Od 2018 r. prowadzona jest bowiem akcja „Rozlicz PIT w Gdyni” – loteria z hybrydowym autem jako główną nagrodą, która przekonuje mieszkańców, nawet tych bez meldunku, że warto jest płacić podatki w mieście, w którym się żyje.
– Aż 48 proc. z kwoty podatku, wpłacanego do urzędu skarbowego, może wrócić do samorządu gdyńskiego, ale tylko wtedy, gdy podatnik wskaże Gdynię jako miejsce zamieszkania. Dlatego każda osoba, która rozlicza PIT w Gdyni, w wymierny sposób zasila budżet miasta, który wykorzystywany jest na inwestycje, służące mieszkańcom, m.in. w nowoczesny transport, oświatę, kulturę, sport, infrastrukturę czy ochronę zdrowia – wyjaśnia Katarzyna Gruszecka-Spychała.
Średnia kwota „z jednego podatnika”, która wpływa do samorządu, wzrosła od momentu wprowadzenia akcji o ponad 23 proc. (z 2189 do 2705 zł).
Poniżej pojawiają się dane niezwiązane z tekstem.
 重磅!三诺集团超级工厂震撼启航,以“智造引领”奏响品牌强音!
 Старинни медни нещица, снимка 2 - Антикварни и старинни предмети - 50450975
W 2021 r. w loterii wzięło udział 13 153 osoby, z których 1088 rozliczało się w Gdyni po raz pierwszy.
– Stąd ten rower – Marek pokazuje na błękitny Baltic Gdynia. – Mieliśmy dużo szczęścia w loterii, więc mogliśmy sobie pozwolić na zakup cargo, zwłaszcza że dostaliśmy z miasta na to dofinansowanie prawie 5 tys. zł. I jak tu nie zostać gdynianami?